Handy am Steuer: Blitzer überwachen das Verbot auf der A60

Mit dem neuen Schild "Überwachung Handyverbot" werden Autofahrende auf die Kontrollen hingewiesen
Mit dem neuen Schild "Überwachung Handyverbot" werden Autofahrende auf die Kontrollen hingewiesen© dpa/Thomas Frey

Ein Smartphone am Steuer lenkt vom Straßenverkehr ab. Im Ernstfall kann das tödlich enden. Um das Handyverbot besser zu kontrollieren, läuft in Rheinland-Pfalz derzeit ein Pilotprojekt.

  • Hochauflösende Kameras filmen Autofahrende

  • Überwachung aktuell im Raum Mainz

  • Neues Schild informiert Verkehrsteilnehmer

Die Nutzung des Handys oder Tablets – ohne Freisprechanlage – ist für Autofahrerinnen und Autofahrer verboten. Für die Polizei war es bisher allerdings schwierig, die Verstöße zu ahnden. Das soll sich jetzt ändern.

Handy im Auto: Überwachung mit Kameras

Für das Pilotprojekt in Rheinland-Pfalz wurden Kameras oberhalb der Fahrbahn – zum Beispiel auf Autobahnbrücken – angebracht. Sie sind schräg nach unten gerichtet, so dass sie durch die Frontscheibe in das Auto hinein fotografieren. Die hochauflösenden Kameras sind mobil einsetzbar und funktionieren zu jeder Tageszeit und bei jedem Wetter.

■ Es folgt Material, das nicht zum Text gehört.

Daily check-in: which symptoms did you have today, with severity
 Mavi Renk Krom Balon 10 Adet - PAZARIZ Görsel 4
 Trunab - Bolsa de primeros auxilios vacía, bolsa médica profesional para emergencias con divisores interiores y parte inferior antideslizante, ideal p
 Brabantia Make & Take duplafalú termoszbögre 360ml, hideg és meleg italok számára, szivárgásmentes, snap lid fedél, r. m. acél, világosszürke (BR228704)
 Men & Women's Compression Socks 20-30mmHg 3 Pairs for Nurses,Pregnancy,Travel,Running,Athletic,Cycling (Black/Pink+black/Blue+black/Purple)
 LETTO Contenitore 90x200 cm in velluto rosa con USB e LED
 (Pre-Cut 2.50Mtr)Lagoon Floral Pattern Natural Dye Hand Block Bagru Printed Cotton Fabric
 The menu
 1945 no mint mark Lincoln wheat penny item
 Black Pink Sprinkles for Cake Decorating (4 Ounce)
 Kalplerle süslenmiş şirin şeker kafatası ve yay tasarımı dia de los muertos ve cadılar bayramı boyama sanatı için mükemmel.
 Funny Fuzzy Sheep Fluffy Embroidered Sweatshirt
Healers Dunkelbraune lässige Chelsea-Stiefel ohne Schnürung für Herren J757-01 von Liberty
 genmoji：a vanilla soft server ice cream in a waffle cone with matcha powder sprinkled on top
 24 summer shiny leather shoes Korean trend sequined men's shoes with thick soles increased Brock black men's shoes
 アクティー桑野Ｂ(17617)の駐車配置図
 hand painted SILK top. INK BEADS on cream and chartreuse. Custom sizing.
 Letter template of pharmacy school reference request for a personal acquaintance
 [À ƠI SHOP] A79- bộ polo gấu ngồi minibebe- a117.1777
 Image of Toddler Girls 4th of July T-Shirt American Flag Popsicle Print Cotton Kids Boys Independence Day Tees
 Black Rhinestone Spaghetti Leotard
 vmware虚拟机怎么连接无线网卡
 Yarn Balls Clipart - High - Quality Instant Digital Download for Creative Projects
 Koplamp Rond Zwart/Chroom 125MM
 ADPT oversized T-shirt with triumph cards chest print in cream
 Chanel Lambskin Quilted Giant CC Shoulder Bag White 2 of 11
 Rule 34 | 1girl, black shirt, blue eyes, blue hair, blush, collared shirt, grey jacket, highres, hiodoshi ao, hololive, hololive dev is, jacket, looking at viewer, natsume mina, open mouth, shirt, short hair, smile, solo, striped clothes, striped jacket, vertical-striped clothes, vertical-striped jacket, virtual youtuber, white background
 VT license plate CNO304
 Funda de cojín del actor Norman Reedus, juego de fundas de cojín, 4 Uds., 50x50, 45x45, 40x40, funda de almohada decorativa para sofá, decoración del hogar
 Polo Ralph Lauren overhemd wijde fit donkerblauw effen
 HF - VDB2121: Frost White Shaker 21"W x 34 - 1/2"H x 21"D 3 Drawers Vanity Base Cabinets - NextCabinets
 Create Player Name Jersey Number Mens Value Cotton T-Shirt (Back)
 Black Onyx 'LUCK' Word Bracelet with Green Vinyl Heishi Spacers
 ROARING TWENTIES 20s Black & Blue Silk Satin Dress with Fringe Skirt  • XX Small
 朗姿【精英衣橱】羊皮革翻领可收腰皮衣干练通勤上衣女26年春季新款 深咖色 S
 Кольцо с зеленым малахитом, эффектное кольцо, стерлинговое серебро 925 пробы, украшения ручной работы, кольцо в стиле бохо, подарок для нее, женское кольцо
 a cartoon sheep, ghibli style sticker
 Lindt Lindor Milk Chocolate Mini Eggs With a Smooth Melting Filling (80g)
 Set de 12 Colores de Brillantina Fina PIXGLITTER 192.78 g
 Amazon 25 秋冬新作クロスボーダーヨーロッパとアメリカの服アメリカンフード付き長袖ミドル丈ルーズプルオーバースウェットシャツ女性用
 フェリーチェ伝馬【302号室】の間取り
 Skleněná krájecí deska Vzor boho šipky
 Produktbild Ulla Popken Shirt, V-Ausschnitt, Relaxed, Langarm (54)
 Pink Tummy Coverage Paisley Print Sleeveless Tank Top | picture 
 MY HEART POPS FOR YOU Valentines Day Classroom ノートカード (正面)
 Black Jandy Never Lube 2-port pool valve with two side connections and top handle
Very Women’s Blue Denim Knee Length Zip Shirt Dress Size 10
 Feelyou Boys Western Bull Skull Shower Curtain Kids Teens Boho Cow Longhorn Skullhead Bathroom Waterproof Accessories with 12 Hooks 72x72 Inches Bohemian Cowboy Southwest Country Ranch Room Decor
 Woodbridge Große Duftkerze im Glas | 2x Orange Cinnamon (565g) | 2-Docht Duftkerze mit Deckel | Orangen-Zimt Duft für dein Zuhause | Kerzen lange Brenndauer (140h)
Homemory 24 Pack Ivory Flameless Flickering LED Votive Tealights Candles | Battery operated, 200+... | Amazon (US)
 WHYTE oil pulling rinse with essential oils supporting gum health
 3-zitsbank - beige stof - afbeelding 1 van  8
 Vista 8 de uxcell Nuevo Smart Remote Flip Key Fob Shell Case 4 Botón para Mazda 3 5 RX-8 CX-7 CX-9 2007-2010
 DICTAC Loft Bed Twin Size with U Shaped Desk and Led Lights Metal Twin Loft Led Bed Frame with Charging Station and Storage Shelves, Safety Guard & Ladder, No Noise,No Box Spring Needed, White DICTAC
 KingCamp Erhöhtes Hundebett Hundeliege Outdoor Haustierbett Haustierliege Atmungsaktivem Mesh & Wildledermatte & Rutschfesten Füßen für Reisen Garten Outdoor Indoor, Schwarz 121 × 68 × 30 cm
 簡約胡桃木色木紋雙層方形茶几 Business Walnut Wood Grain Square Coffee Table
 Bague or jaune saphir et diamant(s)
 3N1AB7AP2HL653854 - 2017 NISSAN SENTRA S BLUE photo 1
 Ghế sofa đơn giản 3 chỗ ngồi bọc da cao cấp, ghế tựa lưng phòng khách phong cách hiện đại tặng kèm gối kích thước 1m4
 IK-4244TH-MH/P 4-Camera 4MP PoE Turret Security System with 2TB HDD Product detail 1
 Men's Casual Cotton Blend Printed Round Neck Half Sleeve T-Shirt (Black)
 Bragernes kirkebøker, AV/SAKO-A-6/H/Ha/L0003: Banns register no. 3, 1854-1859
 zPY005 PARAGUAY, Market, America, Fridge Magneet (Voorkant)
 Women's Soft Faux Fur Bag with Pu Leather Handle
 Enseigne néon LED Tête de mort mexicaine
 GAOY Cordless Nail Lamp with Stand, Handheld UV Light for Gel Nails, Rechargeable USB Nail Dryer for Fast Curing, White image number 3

Das so genannte Monocam-System achtet auf Mobiltelefone im Bereich des Fahrenden und auf dessen entsprechende Handhaltung. Werden beide Kriterien erfüllt, löst die Kamera aus. Anschließend bewerten geschulte Polizisten die Bilder, denn nicht alle Aufnahmen sind eindeutig.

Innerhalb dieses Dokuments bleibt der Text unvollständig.